I’ve got some great email in response to yesterday’s What’s Your Problem? on McCarthyism. I found this one particularly interesting:
Not mentioned in your spirited debate today was the Army McCarthy hearings that led to the senator’s downfall and ultimate censure. The Army charged that McCarthy had exerted pressure to obtain special treatment for a former McCarthy aide, G. David Schine who was then serving in the Army. McCarthy said the charges were in retaliation for his committee’s investigation of security risks within the Army.
As a college student at the time, I watched these hearings with fascination, and cheered when counsel for the Army Joseph Welch skewered McCarthy with his “At long last, have you no decency, sir?” response to McCarthy’s accusation of a young member of Welch’s law firm.
Shortly thereafter, I entered the Army and became an agent in the Army’s Counter Intelligence Corps. To my surprise, I found that the Army — just as McCarthy had charged — had been seriously penetrated not only by more or less passive Communists but by active Soviet agents. During my short three-year career in the CIC, I participated in investigations of Army officers and enlisted men who were actually working for the Soviet Union and performing espionage, sabotage, undermining troop morale and even kidnapping and murder.

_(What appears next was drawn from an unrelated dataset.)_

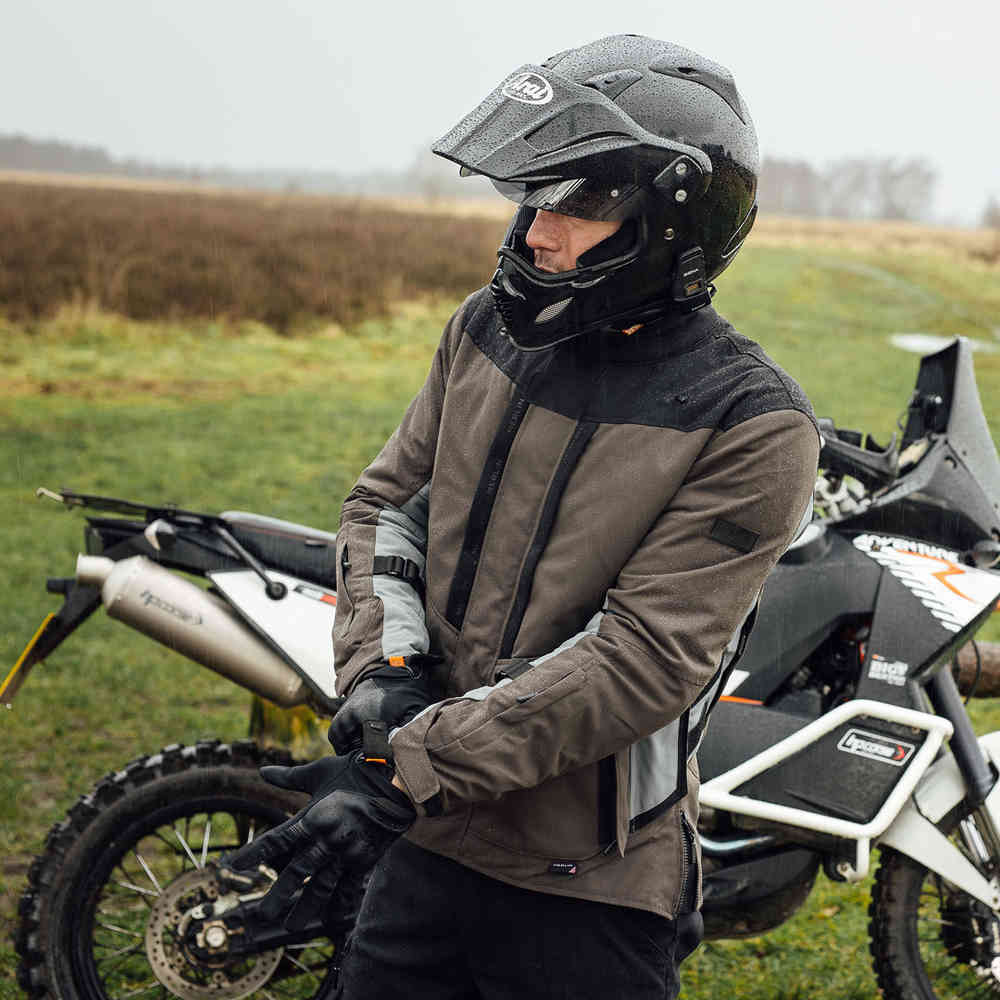 Merlin Borderlands D3O Motorcycle Textile Jacket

McCarthy did paint with far too broad a brush and he was obnoxious to boot. But he was, in large part, absolutely correct in his concern about Communist penetration at high levels of government and in the military. The greatest damage done by his excesses, however, was not to the few who might have been unfairly accused of being Communists, but to the whole idea of “anti-Communism” itself. “Witch hunt” and “McCarthyism” became the favorite pejoratives of the left in discrediting anyone who pursued the Red Menace. In this way, McCarthy played into the hands of those he was trying to destroy.